= Israelite Seminary of France =

Rabbinical school in France

The Israelite Seminary of France (French: Le séminaire israélite de France (SIF)) also known as the Central Rabbinical School of France (L'école centrale rabbinique de France), is a Rabbinical school that trains Orthodox rabbis in France. Founded in Metz in 1829 as the Central Rabbinical School of Metz, it moved to Paris in 1859, where it is based in the city's 5th arrondissement. The school is connected with the Israelite Central Consistory of France, one of the major bodies of Orthodox Judaism in France.

== History ==
In 1820, discussions began over the creation of a rabbinical school in France. On August 21, 1829, a seminary was requested by the Central Consistory and granted by ministerial order. The buildings were inaugurated on June 1, 1830 at 47 Rue d'Arsenal in Metz. Metz was at that point an important center of the Jewish community. On March 22, 1831, an order of King Louis Philippe I allowed for state financing for the school.

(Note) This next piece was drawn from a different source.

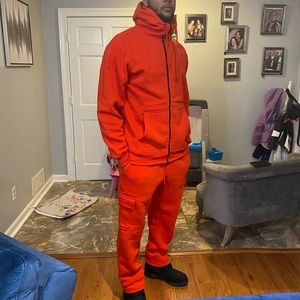 Unisex sweat suit m- xxxl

On July 1, 1859, the school moved to Paris after a royal decree by Empress Eugenie. It took the name Séminaire israélite. It was temporarily set up at the Derenbourg-Springer Institution at 10 Rue de Parc-Royal in the 3e arrondissement of Paris, and later at 57 Boulevard Richard-Lenoir in the 11e arrondissement.

The Consistory bought 1500 square meters of land at 9 Rue Vauquelin in the Latin Quarter of the 5e arrondissement, the center of French intellectual life. David Bloqué, an Alsatian living in Paris, gave a generous donation to the school. The student-rabbis moved to the Latin Quarter location on April 11, 1881. An oratory was inaugurated during Rosh Hashanah 1883.

The 1905 law on the separation of Church and State ended the state's financial contribution to the school. The school kept the name Séminaire israélite de France (SIF), while the rabbinical school also became known as the l’École rabbinique de France.

During the Second World War, the seminary moved to Vichy France for a few months in 1940. From 1941 to July 1942, it was located in Chamalières, near Clermont-Ferrand. In October 1942, it moved to Lyon. The school was dissolved in 1943 and functioned underground until 1945. After the Liberation of France, it resumed its activities.

== Mission ==
Since its founding in 1830, the seminary has had over 400 students, with over 300 graduating with a diploma. Its primary goal is to produce rabbis, though for many years some graduates have become chanters or Hazzanim. Of the nineteen Chief Rabbis of France (including interim) since the creation of the role, the last nine Chief Rabbis were ordained by the Seminary.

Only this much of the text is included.